Goldman Sachs Interview Question
AnalystsTeam: Strats division
Country: United States
Interview Type: Phone Interview
In case of without replacement, every draw reduces the size of the set by one. As a result, we draw from n, n-1, n-2, n-3,... i.e., the denominator of the probability becomes 1/n!.
Suppose you pick m
X be the number of attempts to pick a smaller number
X=1+Z(n) + Z(n-1)....+Z(n-m) where Z(n-m) be 1 if (n-m) is picked before picking a smaller number
E(X)=1 + (n-m)*E(Z) since all E(z) are equal
also E(Z)=1/(m-1+1)=1/m
therefore E(X)=n/m
also your ans for 2nd case is less than the 1st case which doesn't make sense as the number of no. greater than m are removed here. so picks will be reduced
the number you pick:m, is still a random variable. what you gave: n / (m - 1) = E(y | m), where y is the number of times you need to pick in order to find a number smaller than m. Ultimately, we need to find E(y) = E(E(y|m)) = E(n/(m-1)). Since m is ranging from 2 to n, with prob 1/n, we can get E(n/(m - 1)) = sum(m =2 to n) {n/(m-1) * 1/n} = 1 + 1/2 + 1/3 + ... + 1/(n-1), which is a partial sum of harmonic series
for the second case, it gets messier.... hard to find a close form .
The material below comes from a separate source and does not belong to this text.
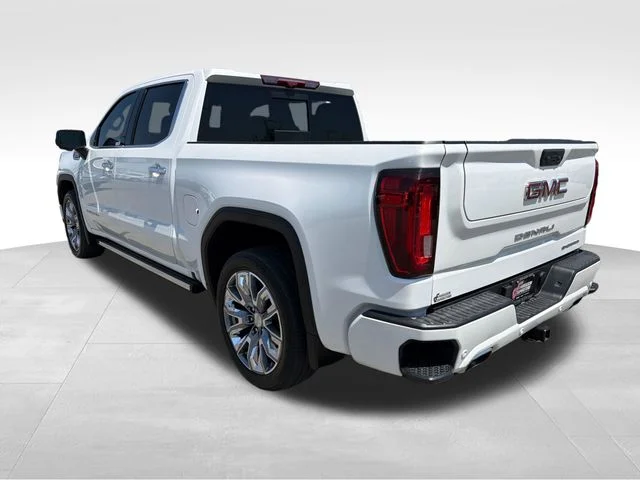 Used 2025 White GMC Denali image 5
can't believe this is a phone interview.
I have solved this problem partially but I am unable to continue at this point:
case 1:
There are 2 approaches: logical and recursive.
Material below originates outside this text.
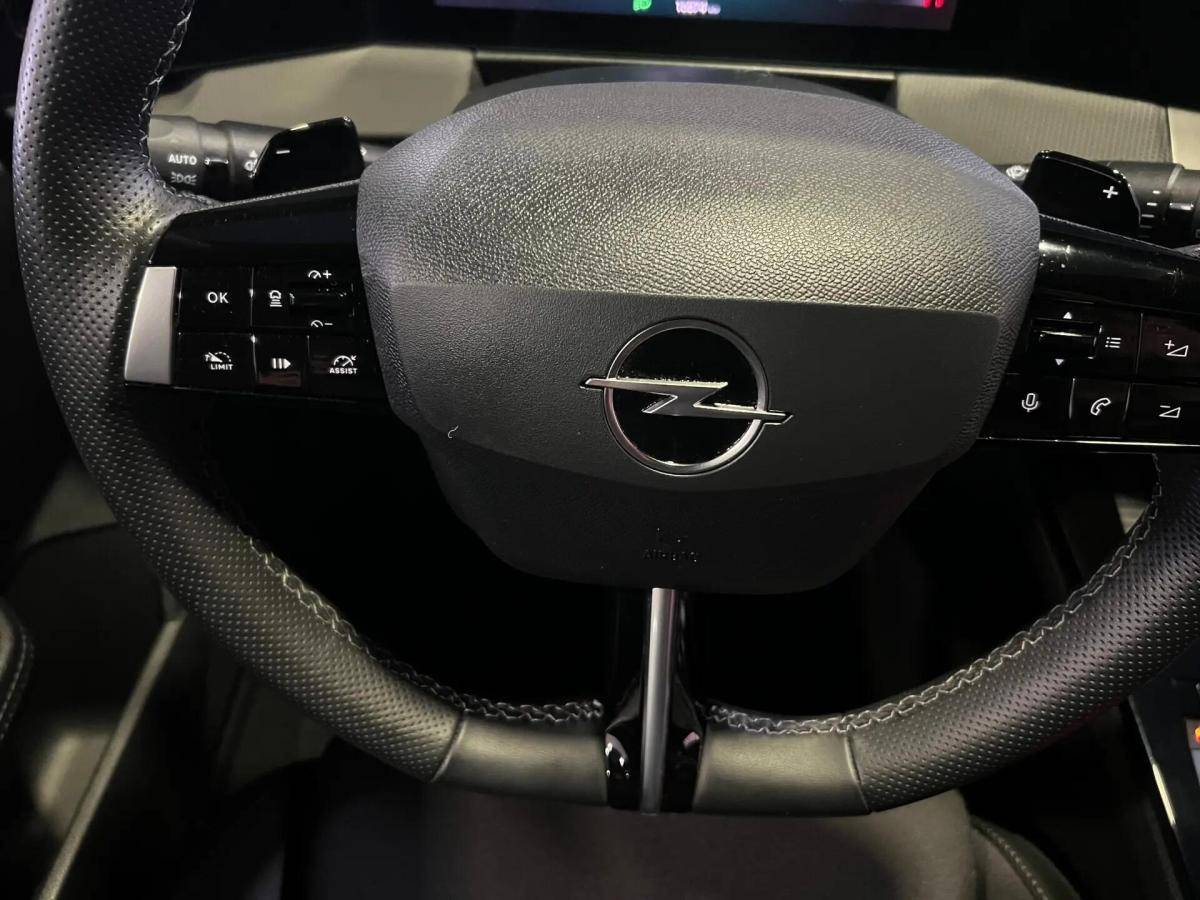 opel-astra-sport-tourer-2025-gasolina-1199cc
if you pick a number i, to find a number smaller than the one you have is:
Exp(num<i)=1*(i-1)/(n-1)+2*(n-i)(i-1)/(n-1)^2+3*(n-i)^2(i-1)/(n-1)^3.......
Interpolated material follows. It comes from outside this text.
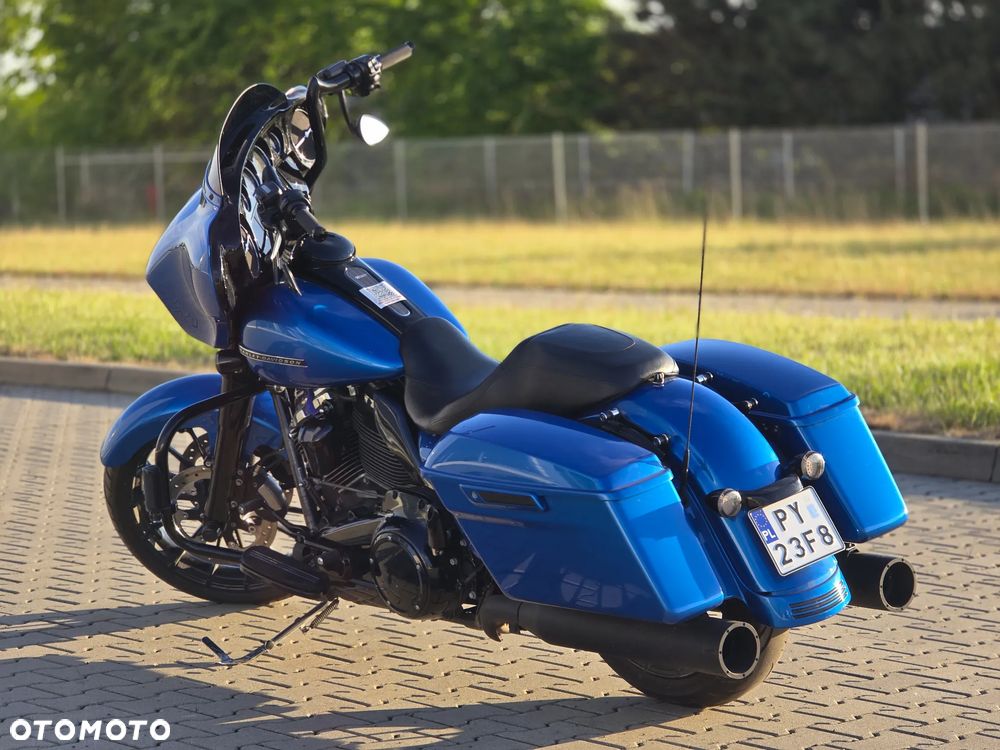 Harley-Davidson Touring Street Glide - 4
which reduces to Exp(num<i)=(n-1)/(n-i)
Also, recursively
E(i)=1*(i-1)/(n-1)+(E(i)+1)*(n-i)/(n-1)
when you solve it, u get
E(i)=(n-1)/(n-i)
Now, this is where i get stuck.
to find final expectation value
E=sum(E(i)) where i=1:n =infinite :/
and if u exclude the case of picking up 1, u get a harmonic sum. so, what do i do next?
case 2:
this doesn't lead to infinite but it poses a logical question: you know that if u pick the number 1, even if we look through the remaining n-1 chits, there is nothing u can find smaller than 1. so it's a failure. meaning u never find it, not... u find it after n-1, so we can't assume it as any number....
so what do i do for that??
Continuing, if i exclude 1 and try to solve logically, cause the recursion formula i couldn't get
if u pick
n -> 1
n-1 -> 1*(n-2)/(n-1)+2*1/n-1
n-2 -> 1*(n-3)/(n-1)+2*2/(n-1)(n-2)
and so on
2 -> 1*1/(n-1)+2*(n-2)*1/(n-1)(n-2)+3*(n-2)(n-3)*1/(n-1)(n-2)(n-3)+.......
how do i simply it?
It's 3.
The expectation is
1*(K-1)/(n-1) + 2*(n-K)/(n-1) *(K-1)/(n-1) + 3 * ((n-K)/(n-1))^2 * (K-1)/(n-1) +4*......
Because K is randomly chosen, so K's expectation is n/2;
then (n-K) and(K-1) is roughly n/2 as well
The above equation becomes function f:
1*(1/2)+2*(1/2)^2+3*(1/2)^3+...
we can solve it by assuming function f = x, then 2x = 1*1+2*(1/2)+3*(1/2)^2+...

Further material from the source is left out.